Healthcare News & Insights

Ask these 2 questions to identify patients with delirium

Delirium is a serious condition that can harm elderly patients’ recovery. And because its effects can be confused with illness fatigue, it can be hard to diagnose. But new research suggests clinicians can ask patients two simple questions to quickly evaluate their risk for delirium. 

Medical Team Meeting With Senior Man In Hospital Room

Many patients develop delirium in the hospital. In fact, between 30% and 40% of older adults who are hospitalized experience hospital-acquired delirium, according to an article in American Nurse Today.

Rates climb even higher if these patients are having surgery or are admitted to the intensive care unit (ICU). Patients who develop sepsis or are ventilator dependent have the highest risk of developing delirium.

It also can have lasting negative effects. At least 25% of patients who have delirium during a hospital stay die within six months.

Most of the time, however, it goes undetected. That’s why it’s critical for hospital staff to get a handle on this condition before elderly patients’ health deteriorates.

Brief bedside evaluation

Evaluating a patient’s mental state can be time-consuming. According to a news release, Edward Marcantonio, a medical professor from Harvard, developed a three-minute assessment method called the 3D-CAM that clinicians and nurses can use to quickly identify patients suffering from delirium.

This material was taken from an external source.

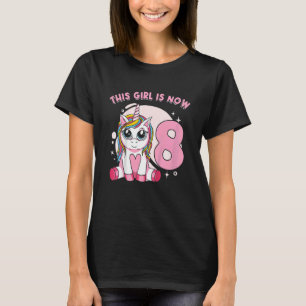 Camiseta Niños unicornio criatura mítica Soy de 8 años b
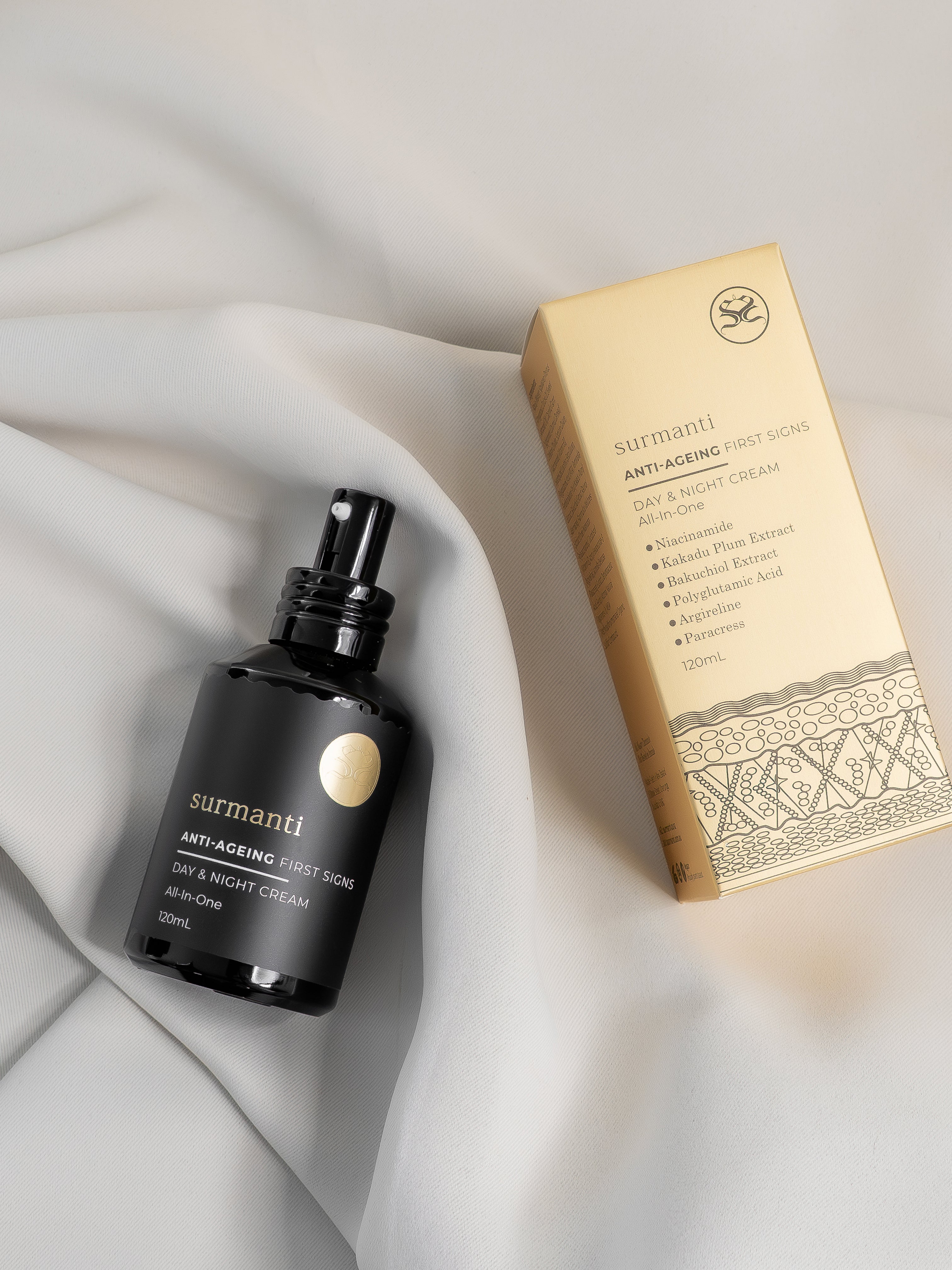 FIRST SIGNS Anti-Ageing Day & Night Cream - 120mL - Surmanti - Made In New Zealand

While the 3D-CAM is relatively short, time is at a premium for nurses and doctors, especially when they’re treating critically ill patients in the emergency department or ICU. With that in mind, Marcantonio and his colleagues wanted to develop an even faster way to determine whether a patient was developing delirium.

As described in the Journal of Hospital Medicine, researchers determined that asking patients these questions only takes an average of 36 seconds for clinical staff – and the success rate for discovering delirium was 93%.

The two questions are:

  1. What day of the week is it today?
  2. Can you recite the months of the year backward?

If a patient doesn’t answer these questions correctly, clinicians can then perform the longer 3D-CAM assessment for a more definitive diagnosis of delirium.

Identifying delirium

Per the Journal of Hospital Medicine, the researchers’ initial pilot study showed promise. Out of 201 patients, 48 were singled out as possibly having delirium, and 42 of these patients actually had it.

More intensive study is planned to make sure these positive effects hold up across a larger group of patients.

In the meantime, though, encouraging providers to tack on these questions to their assessments of older patients couldn’t hurt.